For those who find themselves doing forensics without expensive software, I would highly recommend Brian Carrier’s book, File System Forensics. In it, he provides a wonderfully detailed description of major filesystems, including NTFS. This was something I’d never even thought about learning, so it made an excellent challenge.
It seems that NTFS puts the MFT (Master File Table) in a predictable location on the hard drive. Each entry describes a file (or directory, or attributes for some other file, or an index, etc…), and is always 1024 bytes. When a new filesystem is created over the old one, the old MFT is not erased – the new filesystem just starts over at the beginning of the table and works its way up…
This means that, until you add enough files, the old MFT entries are still accessible (they’re just contained in unallocated clusters that are likely to be used in the future).
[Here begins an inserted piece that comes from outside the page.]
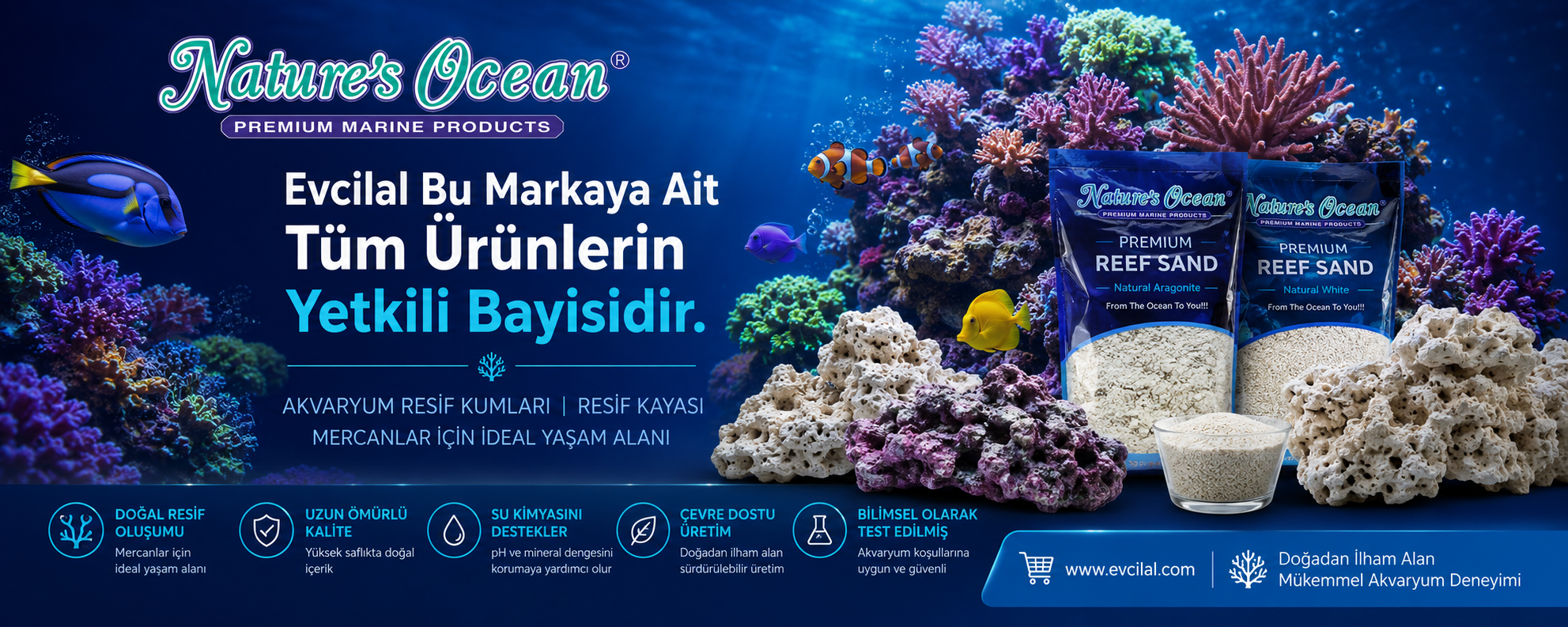 Natures Ocean Marka Deniz Akvaryumu Kumu ve Kayası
So I broke out the sleuth kit and started playing. Now, I’m not a TSK expert, but I got stuck. It’s easy to extract unallocated clusters and identify MFT entries in those clusters – what’s hard is to pull the files (or what’s left of them) out. No TSK tools seem to do that – they all assume that you are using the existing filesystem, and so you cannot specify “I know it’s bogus, but pretend that this block contains an MFT, and extract what you can find of that file.” If you know how, please comment!
For me, though, after diligent searching, I could find nothing – so I set to work writing something. I started in C, but realized that would take too long (probably days). So, I pulled out Practical Common Lisp and started learning how to work with binary data structures. I am absolutely amazed at how straighforward it is! E.g., no masking and shifting to pull out nybbles, etc., – just (ldb (byte 4 0) idex) (takes the four bits starting at the least significant bit from the variable ‘idex).
So my high-level coding bliss proceeded until I had two programs written in about 200 lines of Lisp: (1) an MFT entry analyzer to identify the filenames for each MFT record identified by its signature (“FILE” at the first bytes of the record) and (2) code to parse the $DATA attributes for the files selected for recovery that generates the right series of DD lines for extracting the fragments of the file. And it works great!
Now, it’s not publishable code (Here’s proof!), but it retrieved a couple hundred MB of data from this drive, including fragmented JPEGs and MP3s of substantial size. And, being Common Lisp, it’ll be fairly extensible… if I do a little refactoring and code-golf, that is. After hex-editing all over this drive image (60GB), I’m getting more and more interested in writing a more comprehensive package for manipulating drive images. Discoverability is so low, and though Autopsy is sort of GUI, it’s not really that great for the more unusual forensics work – i.e., the stuff that people seem to be coming to me about ;-).